**Assignment:**
Among the records that follow, find each line holding the word "Long" and copy it.

**Records for the exercise:**
»»

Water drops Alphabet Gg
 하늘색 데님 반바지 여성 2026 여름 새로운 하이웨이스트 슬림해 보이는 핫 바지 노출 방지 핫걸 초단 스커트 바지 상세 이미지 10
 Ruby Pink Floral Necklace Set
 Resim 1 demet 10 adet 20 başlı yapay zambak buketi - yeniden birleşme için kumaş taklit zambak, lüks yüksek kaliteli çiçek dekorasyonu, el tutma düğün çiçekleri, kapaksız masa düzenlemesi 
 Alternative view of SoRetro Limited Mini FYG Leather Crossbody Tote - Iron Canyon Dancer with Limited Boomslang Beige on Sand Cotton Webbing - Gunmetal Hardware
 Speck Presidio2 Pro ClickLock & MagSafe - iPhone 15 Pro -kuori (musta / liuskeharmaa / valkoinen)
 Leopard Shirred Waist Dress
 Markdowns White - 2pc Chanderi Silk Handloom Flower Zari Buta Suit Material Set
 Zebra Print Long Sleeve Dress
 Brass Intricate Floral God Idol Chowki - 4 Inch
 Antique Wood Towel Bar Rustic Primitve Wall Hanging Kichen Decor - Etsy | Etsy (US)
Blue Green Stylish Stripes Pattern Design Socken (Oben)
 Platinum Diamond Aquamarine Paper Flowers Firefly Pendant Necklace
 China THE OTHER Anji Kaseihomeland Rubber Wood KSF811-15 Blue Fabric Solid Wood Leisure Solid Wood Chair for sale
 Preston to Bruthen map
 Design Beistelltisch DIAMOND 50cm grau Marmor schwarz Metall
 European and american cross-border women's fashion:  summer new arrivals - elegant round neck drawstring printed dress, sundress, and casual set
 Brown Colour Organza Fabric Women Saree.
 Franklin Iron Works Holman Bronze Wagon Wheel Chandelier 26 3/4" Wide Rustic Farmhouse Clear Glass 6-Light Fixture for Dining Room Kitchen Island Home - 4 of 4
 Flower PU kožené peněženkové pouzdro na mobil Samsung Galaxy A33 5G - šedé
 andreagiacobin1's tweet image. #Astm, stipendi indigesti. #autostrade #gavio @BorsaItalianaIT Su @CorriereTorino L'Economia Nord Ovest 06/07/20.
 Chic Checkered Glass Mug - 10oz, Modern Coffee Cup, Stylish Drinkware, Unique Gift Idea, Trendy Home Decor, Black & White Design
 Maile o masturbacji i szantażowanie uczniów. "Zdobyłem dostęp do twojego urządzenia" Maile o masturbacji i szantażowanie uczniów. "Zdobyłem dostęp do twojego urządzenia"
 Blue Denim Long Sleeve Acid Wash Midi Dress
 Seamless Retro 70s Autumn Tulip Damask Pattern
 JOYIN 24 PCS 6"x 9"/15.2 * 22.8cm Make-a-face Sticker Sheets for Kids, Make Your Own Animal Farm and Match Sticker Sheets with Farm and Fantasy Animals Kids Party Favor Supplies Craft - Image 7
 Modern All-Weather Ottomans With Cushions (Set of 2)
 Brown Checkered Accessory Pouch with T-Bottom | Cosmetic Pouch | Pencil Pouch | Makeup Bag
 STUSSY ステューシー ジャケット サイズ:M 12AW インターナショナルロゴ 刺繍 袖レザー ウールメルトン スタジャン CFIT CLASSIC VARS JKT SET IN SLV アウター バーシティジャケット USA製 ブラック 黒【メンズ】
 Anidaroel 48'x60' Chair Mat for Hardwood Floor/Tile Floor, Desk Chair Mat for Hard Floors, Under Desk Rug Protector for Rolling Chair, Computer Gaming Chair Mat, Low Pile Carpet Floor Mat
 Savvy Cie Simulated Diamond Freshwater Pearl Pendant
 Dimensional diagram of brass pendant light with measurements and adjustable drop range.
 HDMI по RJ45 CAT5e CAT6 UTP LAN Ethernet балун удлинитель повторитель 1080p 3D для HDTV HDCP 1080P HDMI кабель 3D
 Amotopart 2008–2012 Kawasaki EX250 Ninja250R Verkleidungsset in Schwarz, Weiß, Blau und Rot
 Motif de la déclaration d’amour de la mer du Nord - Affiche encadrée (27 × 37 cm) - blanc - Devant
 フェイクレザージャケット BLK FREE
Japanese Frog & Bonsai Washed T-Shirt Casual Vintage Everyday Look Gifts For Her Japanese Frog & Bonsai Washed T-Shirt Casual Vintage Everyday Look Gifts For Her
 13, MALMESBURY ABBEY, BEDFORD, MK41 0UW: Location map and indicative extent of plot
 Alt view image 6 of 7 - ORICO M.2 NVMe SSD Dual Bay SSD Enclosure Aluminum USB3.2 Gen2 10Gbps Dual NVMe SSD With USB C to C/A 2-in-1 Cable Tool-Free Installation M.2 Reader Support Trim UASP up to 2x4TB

««

**Answer to this task:**
 Zebra Print Long Sleeve Dress
 Blue Denim Long Sleeve Acid Wash Midi Dress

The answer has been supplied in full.